**TASK REQUIREMENTS:** In the data below, find the line with "Twin size Loft" and output it along with every later line, exactly, but not the pictures.

**MATERIAL FOR THE TASK:**
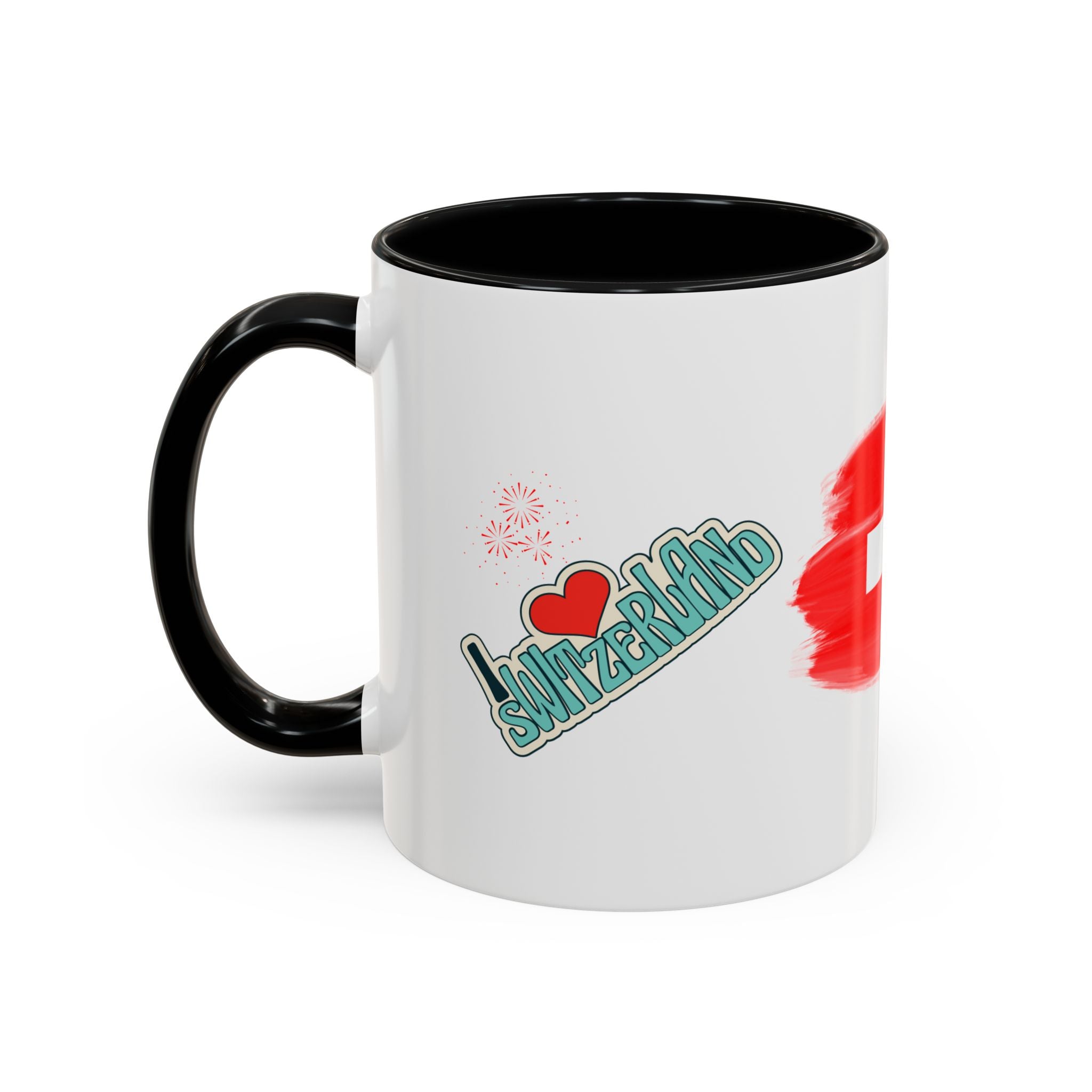 Switzerland Flag Accent Coffee Mug – I  Switzerland Travel Souvenir
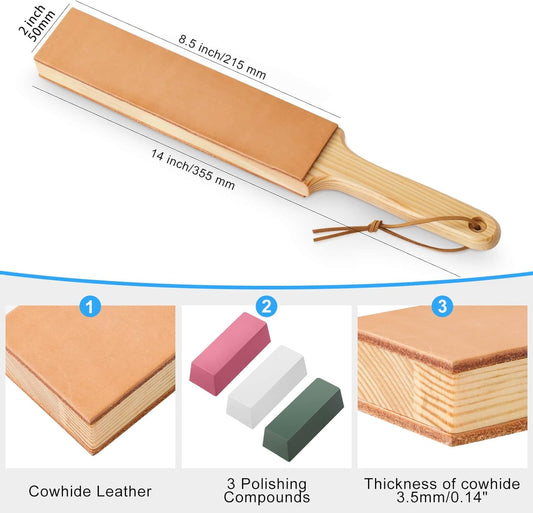 Double Side Leather Strop for Knife Sharpening - 14"x 2" Stropping Block Kit with Polishing Compound, Knife Strop with Ergonomic Handle for Honing Knives, Woodworking Chisels
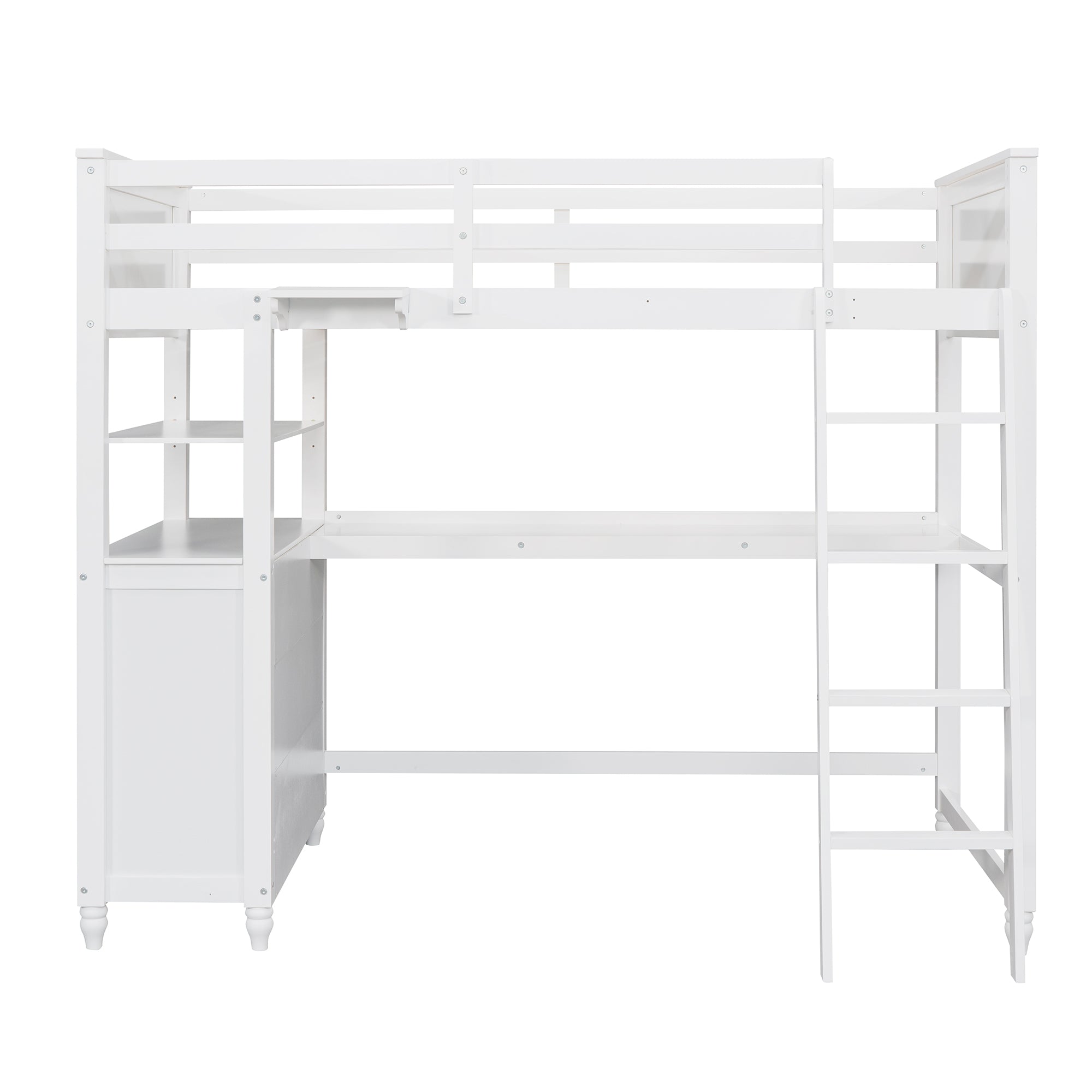 Twin size Loft Bed with Drawers and Desk, Wooden Loft Bed with Shelves - White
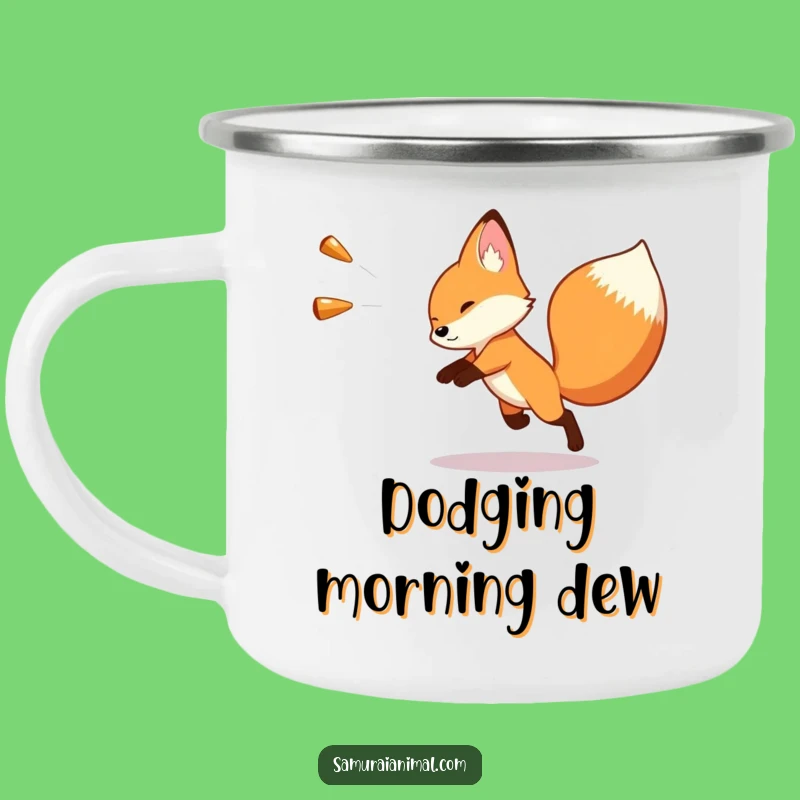 Funny Fox Dodge Camping Mug: Adventure Humor for Your Trailside Sips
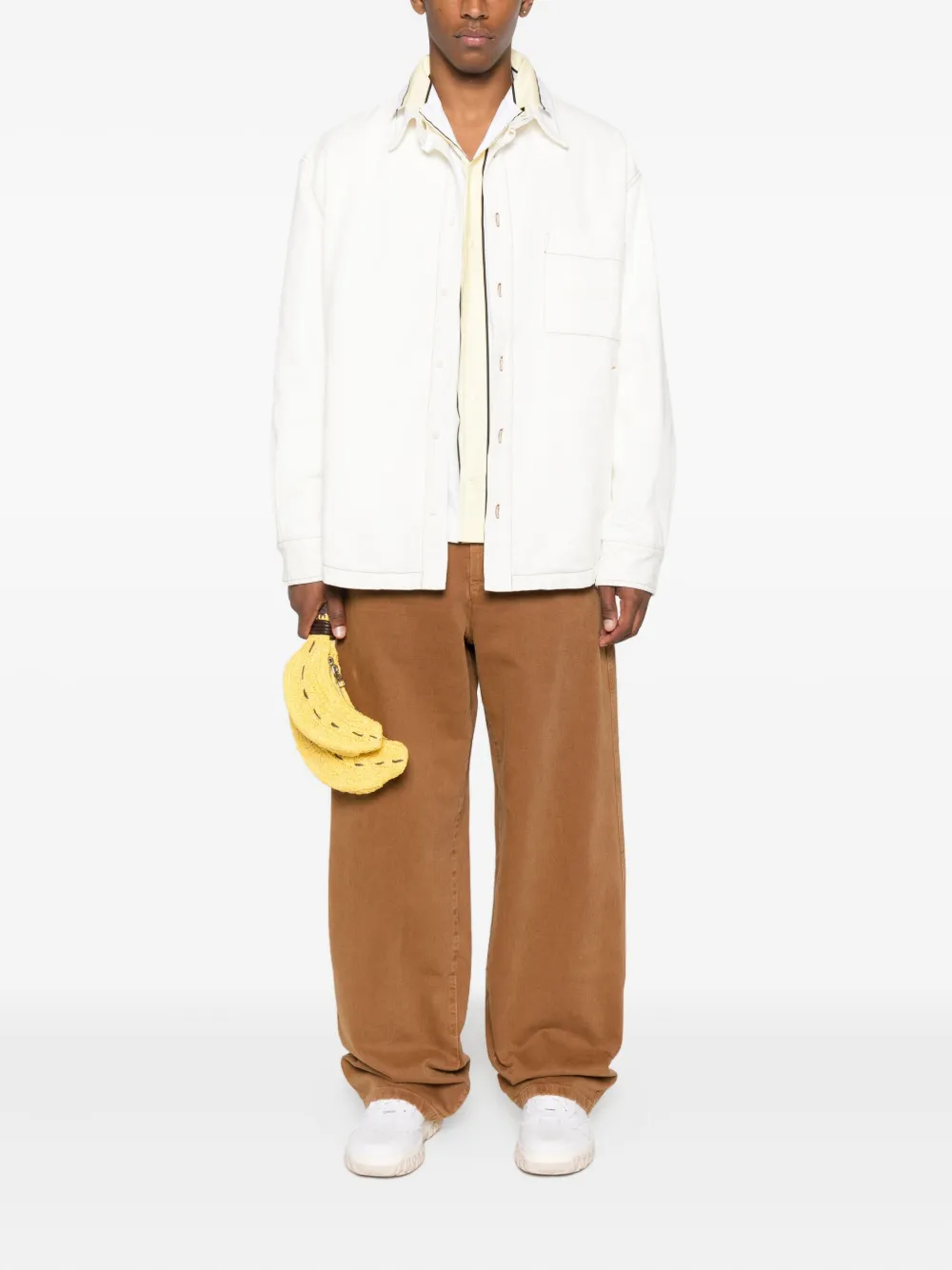 Jacquemus contrast-stitch shirt jacket Beige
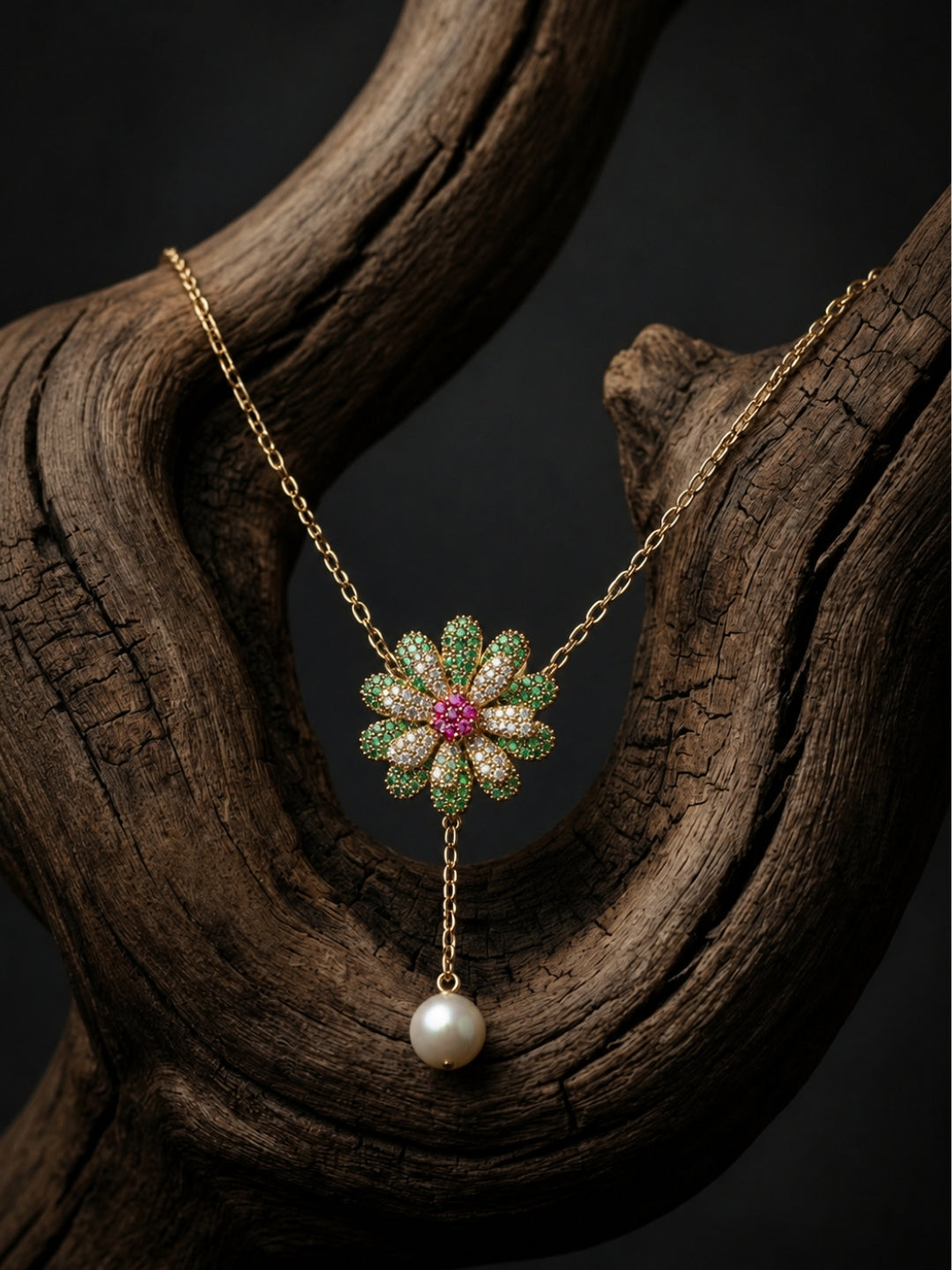 Margherita Floral Pearl Drop Necklace & Earring Set, 18K Gold-Plated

**TASK SOLUTION:**
 Twin size Loft Bed with Drawers and Desk, Wooden Loft Bed with Shelves - White
 Funny Fox Dodge Camping Mug: Adventure Humor for Your Trailside Sips
 Jacquemus contrast-stitch shirt jacket Beige
 Margherita Floral Pearl Drop Necklace & Earring Set, 18K Gold-Plated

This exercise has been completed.